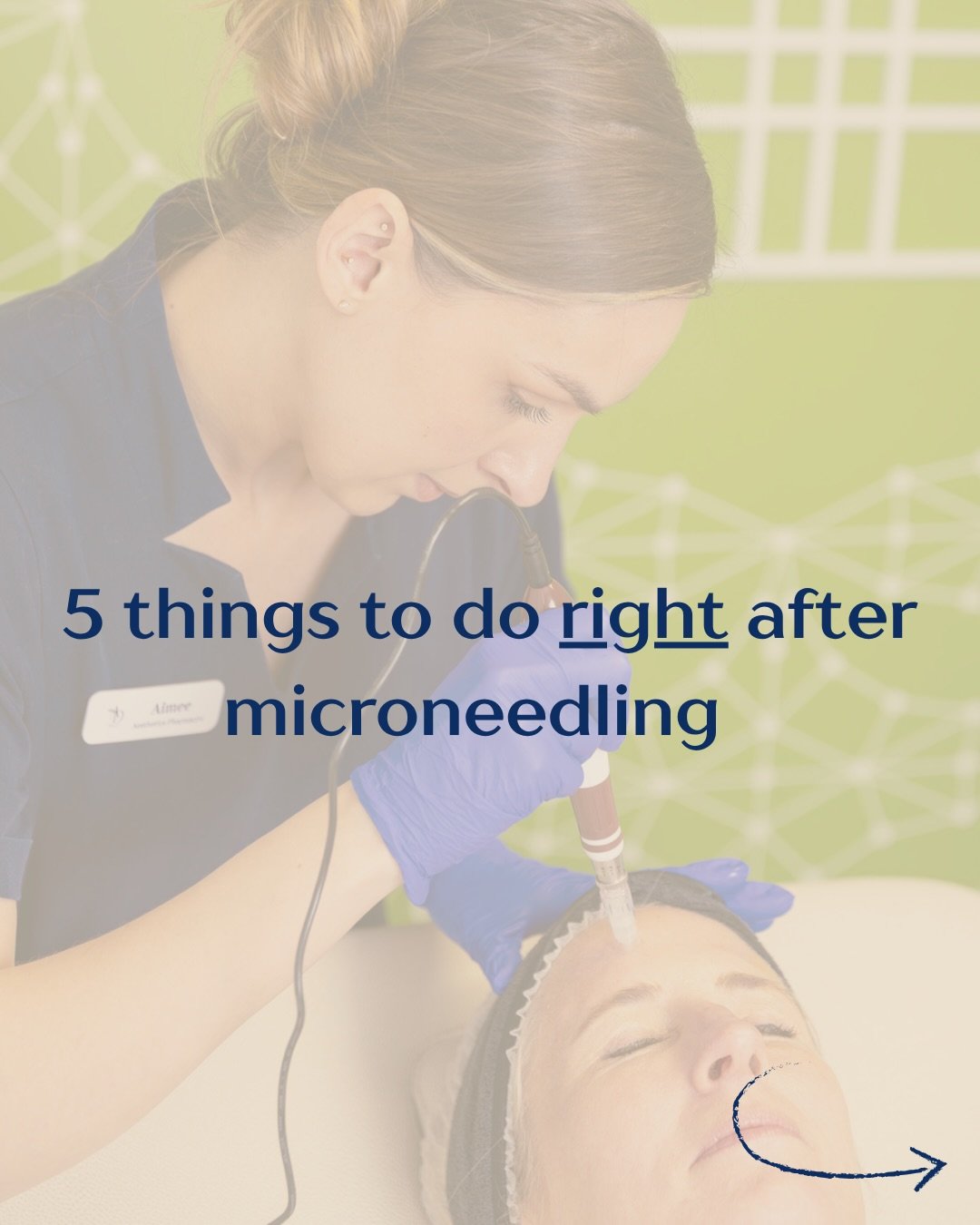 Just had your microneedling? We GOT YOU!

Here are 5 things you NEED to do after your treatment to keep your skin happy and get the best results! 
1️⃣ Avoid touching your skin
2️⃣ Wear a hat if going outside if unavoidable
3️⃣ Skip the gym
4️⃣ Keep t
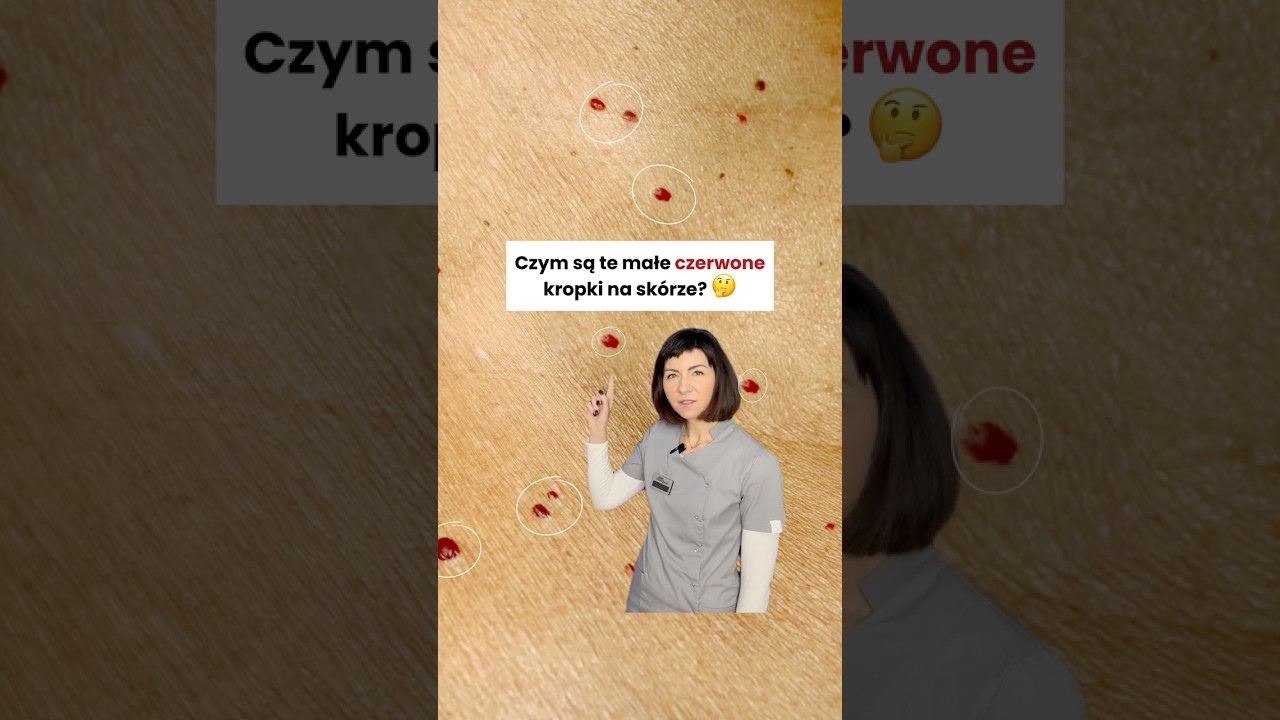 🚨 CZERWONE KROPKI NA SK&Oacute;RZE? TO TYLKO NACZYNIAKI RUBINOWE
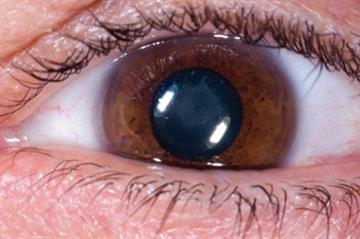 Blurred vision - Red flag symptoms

ASSIGNMENT |
Would you give the data above again word for word, minus the pictures?

EXERCISE RESPONSE |
 Just had your microneedling? We GOT YOU!

Here are 5 things you NEED to do after your treatment to keep your skin happy and get the best results! 
1️⃣ Avoid touching your skin
2️⃣ Wear a hat if going outside if unavoidable
3️⃣ Skip the gym
4️⃣ Keep t
 🚨 CZERWONE KROPKI NA SK&Oacute;RZE? TO TYLKO NACZYNIAKI RUBINOWE
 Blurred vision - Red flag symptoms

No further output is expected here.